U.S. Secret Service raids E-Gold currency exchanger
Declan McCullagh
declan at well.com
Fri Mar 30 17:10:59 PST 2001
Good question. I don't recall anymore; my article today linked to an
archived Wired story that went into this in more detail and I believe
linked to the appropriate regs. --Declan
At 05:51 PM 3/30/01 -0500, Phillip H. Zakas wrote:
>need a clarification: is it $5,000 for le and $10,000 or $25,000 for
>mandatory reporting to the irs? btw i do know banks will volunteer
>suspicious transactions, no matter how small, to the irs. i believe this is
>how a fed. treasury worker was caught...he thought depositing smaller
>amounts (<$9,000) would go unnoticed.
>
>this link to declan's article which raises my above question.
>http://www.wired.com/news/print/0,1294,20498,00.html
>phillip
>
>-----Original Message-----
>From: owner-cypherpunks at Algebra.COM
>[mailto:owner-cypherpunks at Algebra.COM]On Behalf Of Declan McCullagh
>Sent: Friday, March 30, 2001 2:21 PM
>To: cypherpunks at cyberpass.net; fight-censorship at vorlon.mit.edu
>Subject: U.S. Secret Service raids E-Gold currency exchanger
>
>
>
>
>http://www.wired.com/news/politics/0,1283,42745,00.html
>
> Secret Service Raids E-Gold
> by Declan McCullagh (declan at wired.com)
> 11:10 a.m.

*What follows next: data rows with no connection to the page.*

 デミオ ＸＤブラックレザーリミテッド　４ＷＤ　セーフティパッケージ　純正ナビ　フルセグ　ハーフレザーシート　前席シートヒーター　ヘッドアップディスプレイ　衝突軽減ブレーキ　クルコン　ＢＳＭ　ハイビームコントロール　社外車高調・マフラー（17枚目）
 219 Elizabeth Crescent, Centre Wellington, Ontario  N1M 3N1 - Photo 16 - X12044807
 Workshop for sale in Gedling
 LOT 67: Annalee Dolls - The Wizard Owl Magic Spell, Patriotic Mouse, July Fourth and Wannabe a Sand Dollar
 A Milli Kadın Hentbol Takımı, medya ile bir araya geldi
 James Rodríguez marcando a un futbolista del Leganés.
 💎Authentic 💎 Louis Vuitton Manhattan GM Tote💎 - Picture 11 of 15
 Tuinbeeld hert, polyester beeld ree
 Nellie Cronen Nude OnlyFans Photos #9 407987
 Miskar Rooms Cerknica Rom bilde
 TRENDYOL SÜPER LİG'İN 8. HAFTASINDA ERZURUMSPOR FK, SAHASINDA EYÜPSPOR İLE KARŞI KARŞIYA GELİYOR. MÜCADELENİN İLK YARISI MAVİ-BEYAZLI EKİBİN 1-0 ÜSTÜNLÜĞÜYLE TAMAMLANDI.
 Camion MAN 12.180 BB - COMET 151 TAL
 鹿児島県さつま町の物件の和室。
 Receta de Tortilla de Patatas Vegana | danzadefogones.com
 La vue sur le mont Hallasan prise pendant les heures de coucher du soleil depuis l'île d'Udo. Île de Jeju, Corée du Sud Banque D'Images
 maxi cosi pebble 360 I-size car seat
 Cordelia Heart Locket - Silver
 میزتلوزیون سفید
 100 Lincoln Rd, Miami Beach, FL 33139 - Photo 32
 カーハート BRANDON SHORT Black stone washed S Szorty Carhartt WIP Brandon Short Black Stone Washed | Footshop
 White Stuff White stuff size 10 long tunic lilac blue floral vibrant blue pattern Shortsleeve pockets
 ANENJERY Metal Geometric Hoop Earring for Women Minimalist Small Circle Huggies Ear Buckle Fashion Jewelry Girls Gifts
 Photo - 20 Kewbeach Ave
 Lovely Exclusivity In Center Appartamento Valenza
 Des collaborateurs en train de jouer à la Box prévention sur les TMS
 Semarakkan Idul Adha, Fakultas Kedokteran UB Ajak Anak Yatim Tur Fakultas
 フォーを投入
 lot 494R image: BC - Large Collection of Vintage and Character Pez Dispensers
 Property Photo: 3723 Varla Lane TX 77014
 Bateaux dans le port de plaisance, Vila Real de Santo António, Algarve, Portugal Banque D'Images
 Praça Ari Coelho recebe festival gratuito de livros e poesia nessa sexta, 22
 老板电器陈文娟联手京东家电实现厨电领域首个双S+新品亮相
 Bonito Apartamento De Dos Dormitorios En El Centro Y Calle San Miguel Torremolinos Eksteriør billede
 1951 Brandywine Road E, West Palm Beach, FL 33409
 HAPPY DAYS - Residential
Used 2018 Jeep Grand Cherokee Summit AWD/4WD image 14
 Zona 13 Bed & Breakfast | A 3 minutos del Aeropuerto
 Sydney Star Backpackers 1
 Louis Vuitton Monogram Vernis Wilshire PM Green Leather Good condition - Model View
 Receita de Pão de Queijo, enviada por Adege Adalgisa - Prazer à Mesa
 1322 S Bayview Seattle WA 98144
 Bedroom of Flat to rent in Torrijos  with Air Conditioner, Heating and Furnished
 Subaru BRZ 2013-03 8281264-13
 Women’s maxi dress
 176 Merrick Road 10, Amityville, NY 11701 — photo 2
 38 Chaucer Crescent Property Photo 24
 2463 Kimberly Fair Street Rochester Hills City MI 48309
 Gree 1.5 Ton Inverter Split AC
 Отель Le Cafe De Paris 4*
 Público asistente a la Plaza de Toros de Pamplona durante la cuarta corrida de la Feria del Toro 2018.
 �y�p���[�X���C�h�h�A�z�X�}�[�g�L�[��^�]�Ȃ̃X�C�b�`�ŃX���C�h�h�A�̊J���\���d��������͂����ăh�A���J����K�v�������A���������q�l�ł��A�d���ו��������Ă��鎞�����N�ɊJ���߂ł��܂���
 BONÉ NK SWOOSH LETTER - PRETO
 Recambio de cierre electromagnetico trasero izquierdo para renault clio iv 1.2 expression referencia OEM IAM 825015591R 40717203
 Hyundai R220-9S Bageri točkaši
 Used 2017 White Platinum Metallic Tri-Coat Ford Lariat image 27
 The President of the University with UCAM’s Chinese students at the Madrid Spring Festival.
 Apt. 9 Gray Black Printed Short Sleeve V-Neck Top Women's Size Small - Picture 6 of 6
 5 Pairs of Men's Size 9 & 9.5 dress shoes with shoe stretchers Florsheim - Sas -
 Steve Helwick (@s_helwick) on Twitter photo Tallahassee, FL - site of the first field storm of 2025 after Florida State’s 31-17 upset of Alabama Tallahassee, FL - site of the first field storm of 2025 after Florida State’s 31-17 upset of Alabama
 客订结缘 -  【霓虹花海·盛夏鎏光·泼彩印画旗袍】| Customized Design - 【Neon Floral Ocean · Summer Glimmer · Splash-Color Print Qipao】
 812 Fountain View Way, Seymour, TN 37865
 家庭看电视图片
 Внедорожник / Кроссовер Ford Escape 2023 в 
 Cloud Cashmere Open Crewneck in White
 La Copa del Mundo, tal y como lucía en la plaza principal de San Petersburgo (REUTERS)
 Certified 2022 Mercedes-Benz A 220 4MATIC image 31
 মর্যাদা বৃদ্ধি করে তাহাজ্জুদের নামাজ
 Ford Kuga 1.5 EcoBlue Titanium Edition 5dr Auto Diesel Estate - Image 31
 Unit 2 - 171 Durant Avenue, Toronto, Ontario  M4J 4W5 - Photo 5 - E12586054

Mar. 30, 2001 PST
>
> WASHINGTON -- The Secret Service has raided a New York state business
> that exchanged dollars for grams of the digital currency called
> e-gold.
>
> A bevy of agents from the Secret Service, Postal Service and local
> police recently detained the owners of Gold-Age, based in Syracuse,
> and seized computers, files and documents from the fledgling firm.
>
> U.S. Attorney Daniel French said Friday that the investigation
> involved charges of credit card fraud. "We haven't brought charges
> yet," French said. "We're in the investigative phase."
>
> Gold-Age owner Parker Bradley says that during his eight-hour
> interrogation on March 12, the Secret Service seemed less interested
> in credit card fraud and more interested in the mechanics of e-gold.
> Until last year, Bradley accepted credit cards and paid out e-gold,
> but said he quit because too many people used stolen credit cards when
> conducting business with him.
>
> "The interrogation became less about me and more about politics and
> e-gold," Bradley said. "They were trying to get me to blame e-gold for
> fraud. Just to be blunt, these guys have no clue about how e-commerce
> works, how e-gold works or what I was doing."
>
> E-gold is a 5-year-old firm based on the Caribbean island of Nevis
> that provides an electronic currency backed by physical metal stored
> in vaults in London and Dubai. The company says it has 181,000 user
> accounts and stores about 1.4 metric tons of gold on behalf of its
> customers.
>
> Bradley's Gold-Age company, which he ran with his wife out of their
> home until the raid, was one of about a dozen e-gold currency exchange
> services: He took dollars and credited grams of gold, silver, platinum
> and palladium to a customer's account, less a modest fee.
>
> [...]
>
> Still unclear is why the raid took place. French indicated that it
> could be more than a routine credit card investigation, saying "at
> this point, it's being investigated as a credit card fraud."
>
> One possibility is a broader investigation directed at some users of
> e-gold, which is less anonymous than cash but more anonymous than
> credit cards. Former Treasury Secretary Lawrence Summers has warned of
> malcontents using the Net and encryption to dodge taxes, and it's
> possible that the feds don't exactly approve of a system that's more
> privacy-protective than the heavily regulated banking system.
>
> Current federal regulations require banks and credit unions -- about
> 19,000 in all -- to inform federal law enforcement of all transactions
> $5,000 and above that have no "apparent lawful purpose or are not the
> sort in which the particular customer would normally be expected to
> engage."
>
> Because e-gold is not a bank that lends money -- it's more akin to a
> warehouse that stores gold on behalf of its customers -- it's not
> covered by those rules.
>
> Mike Godwin said the raid evokes memories of the notorious Steve
> Jackson Games raid by the Secret Service a decade ago, which led to
> the formation of the Electronic Frontier Foundation.